By Janine Perrett

If ever you want evidence of why so much time is wasted on market forecasts look no further than the recent performance of the Australian dollar.

Or to put it more simply, if ever you want evidence of why the currency bares no relation to what goes on in our country, look at the recent performance of the Australian dollar.

This week it rose above 77cents.

At the start of the year it hit lows of 67 cents.

Did anything we did in the interim have any bearing on it?

Did our economic performance change so radically?

Did our political masters do or say anything that could account for it.

Not on your life.

It is mainly a result of overseas factors totally outside our control. Most obviously the comments this week of US Fed Chief Janet Yellen warning that further interest rate rises in the US will probably slow.

Cue fall in greenback, cue rise in the Aussie.

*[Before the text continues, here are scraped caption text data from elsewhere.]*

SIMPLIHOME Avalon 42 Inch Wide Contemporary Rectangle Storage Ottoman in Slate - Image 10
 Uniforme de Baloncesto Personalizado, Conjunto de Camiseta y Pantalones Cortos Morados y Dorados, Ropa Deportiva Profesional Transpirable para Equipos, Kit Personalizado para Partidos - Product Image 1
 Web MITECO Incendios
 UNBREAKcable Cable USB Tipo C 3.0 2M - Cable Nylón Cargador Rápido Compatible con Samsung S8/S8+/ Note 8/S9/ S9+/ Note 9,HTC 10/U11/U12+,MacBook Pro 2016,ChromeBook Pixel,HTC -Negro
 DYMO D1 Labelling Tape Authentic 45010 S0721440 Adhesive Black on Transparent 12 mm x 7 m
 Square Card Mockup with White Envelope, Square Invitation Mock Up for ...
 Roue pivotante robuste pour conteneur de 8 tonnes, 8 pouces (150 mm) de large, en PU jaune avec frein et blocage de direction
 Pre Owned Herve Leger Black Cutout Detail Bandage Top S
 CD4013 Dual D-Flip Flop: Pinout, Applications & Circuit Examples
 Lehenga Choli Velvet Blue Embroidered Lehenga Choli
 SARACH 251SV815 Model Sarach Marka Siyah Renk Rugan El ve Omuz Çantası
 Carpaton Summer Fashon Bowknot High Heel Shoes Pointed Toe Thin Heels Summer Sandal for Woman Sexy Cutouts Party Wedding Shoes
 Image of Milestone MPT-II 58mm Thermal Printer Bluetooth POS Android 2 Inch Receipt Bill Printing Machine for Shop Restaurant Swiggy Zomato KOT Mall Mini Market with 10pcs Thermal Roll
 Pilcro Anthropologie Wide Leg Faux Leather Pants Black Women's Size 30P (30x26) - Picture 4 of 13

So forget all the wild forecasts of recent months about how low we could go. Ignore this week's suddenly revised forecasts by some of how high it might go.

Fact is it all depends on what happens in the US; which these days means what happens overseas or namely China. We follow.

Just like the share market, which mostly follows Wall Street, which mostly has followed the oil price this year.

We could save a lot of money on expensive economists and investment bank analysts but then what would fill the financial pages.

And so much for the US fed nark, who recently criticised our RBA for "jawboning" the Australian dollar downwards. 

 

Like as if that is going to make any difference. It is all in their hands.